Weekly chart performance for "When We Were Young (The Logical Song)"
| Chart (2023–2024) | Peak position |
|---|---|
| Austria (Ö3 Austria Top 40) | 62 |
| Belarus Airplay (TopHit) | 26 |
| Belgium (Ultratop 50 Flanders) | 14 |
| Belgium (Ultratop 50 Wallonia) | 8 |
| Bulgaria Airplay (PROPHON) | 4 |
| Canada CHR/Top 40 (Billboard) | 37 |
| CIS Airplay (TopHit) | 17 |
| Croatia International Airplay (Top lista) | 20 |
| Czech Republic Airplay (ČNS IFPI) | 5 |
| Estonia Airplay (TopHit) | 7 |
| France (SNEP) | 45 |
| Germany (GfK) | 29 |
| Global Excl.
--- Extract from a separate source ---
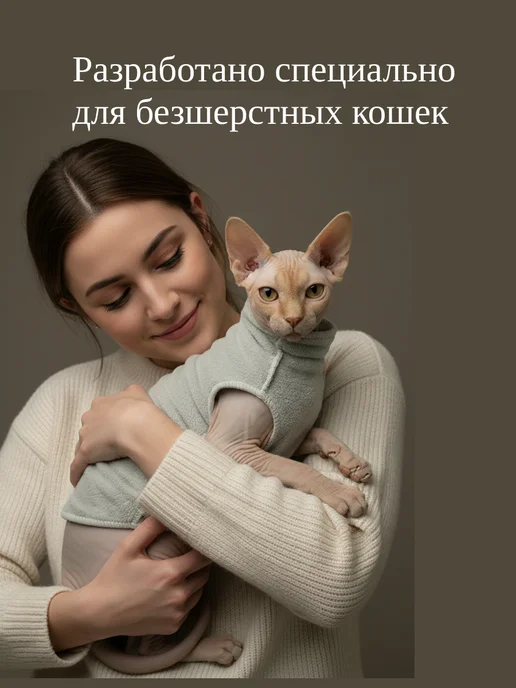 Одежда для сфинкса Кофта теплая флисовая, серый, фото 6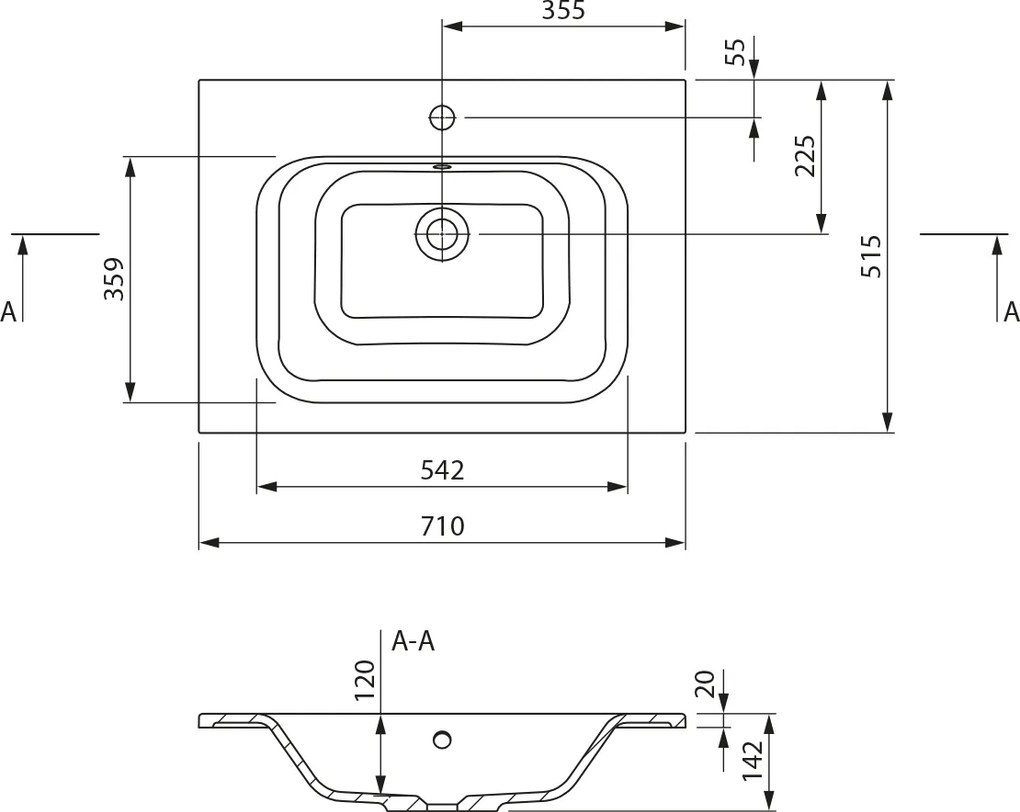 Sapho ARECA, nábytkové umývadlo, liaty mramor, 71x51,5cm, biela, AC071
US (Billboard) | 130 |
| Hungary (Dance Top 40) | 8 |
| Hungary (Rádiós Top 40) | 1 |
| Ireland (IRMA) | 66 |
| Kazakhstan Airplay (TopHit) | 32 |
| Lithuania Airplay (TopHit) | 22 |
| Luxembourg (Billboard) | 23 |
| Moldova Airplay (TopHit) | 6 |
| Netherlands (Dutch Top 40) | 5 |
| Netherlands (Single Top 100) | 11 |
| New Zealand Hot Singles (RMNZ) | 28 |
| Poland (Polish Airplay Top 100) | 21 |
| Poland (Polish Streaming Top 100) | 71 |
| Romania Airplay (TopHit) | 35 |
| Russia Airplay (TopHit) | 10 |
| Slovakia Airplay (ČNS IFPI) | 99 |
| Sweden (Sverigetopplistan) | 87 |
| Switzerland (Schweizer Hitparade) | 32 |
| UK Singles (Official Charts) | 51 |
| UK Dance (Official Charts) | 21 |
| US Hot Dance/Electronic Songs (Billboard) | 16 |

===Monthly charts===

Monthly chart performance for "When We Were Young (The Logical Song)"
| Chart (2023–2024) | Position |
|---|---|
| Belarus Airplay (TopHit) | 30 |
| CIS Airplay (TopHit) | 25 |
| Estonia Airplay (TopHit) | 7 |
| Lithuania Airplay (TopHit) | 45 |
| Moldova Airplay (TopHit) | 11 |
| Romania Airplay (TopHit) | 39 |
| Russia Airplay (TopHit) | 18 |

===Year-end charts===

2023 year-end chart performance for "When We Were Young (The Logical Song)"
| Chart (2023) | Position |
|---|---|
| Netherlands (Dutch Top 40) | 91 |

2024 year-end chart performance for "When We Were Young (The Logical Song)"
| Chart (2024) | Position |
|---|---|
| Belarus Airplay (TopHit) | 125 |
| Belgium (Ultratop 50 Flanders) | 46 |
| Belgium (Ultratop 50 Wallonia) | 42 |
| CIS Airplay (TopHit) | 75 |
| Estonia Airplay (TopHit) | 44 |
| France (SNEP) | 132 |
| Hungary (Dance Top 40) | 31 |
| Hungary (Rádiós Top 40) | 9 |
| Netherlands (Dutch Top 40) | 28 |
| Netherlands (Single Top 100) | 58 |
| Russia Airplay (TopHit) | 87 |
| US Hot Dance/Electronic Songs (Billboard) | 62 |

2025 year-end chart performance for "When We Were Young (The Logical Song)"
| Chart (2025) | Position |
|---|---|
| Hungary (Dance Top 40) | 82 |
| Hungary (Rádiós Top 40) | 32 |

==Certifications==

Certifications for "When We Were Young (The Logical Song)"
| Region | Certification | Certified units/sales |
| Belgium (BRMA) | Platinum | 40,000^{‡} |
| France (SNEP) | Platinum | 200,000^{‡} |
| New Zealand (RMNZ) | Gold | 15,000^{‡} |
| Poland (ZPAV) | Platinum | 50,000^{‡} |
| Spain (Promusicae) | Gold | 30,000^{‡} |
| Switzerland (IFPI Switzerland) | Platinum | 30,000^{‡} |
| United Kingdom (BPI) | Silver | 200,000^{‡} |
^{‡} Sales+streaming figures based on certification alone.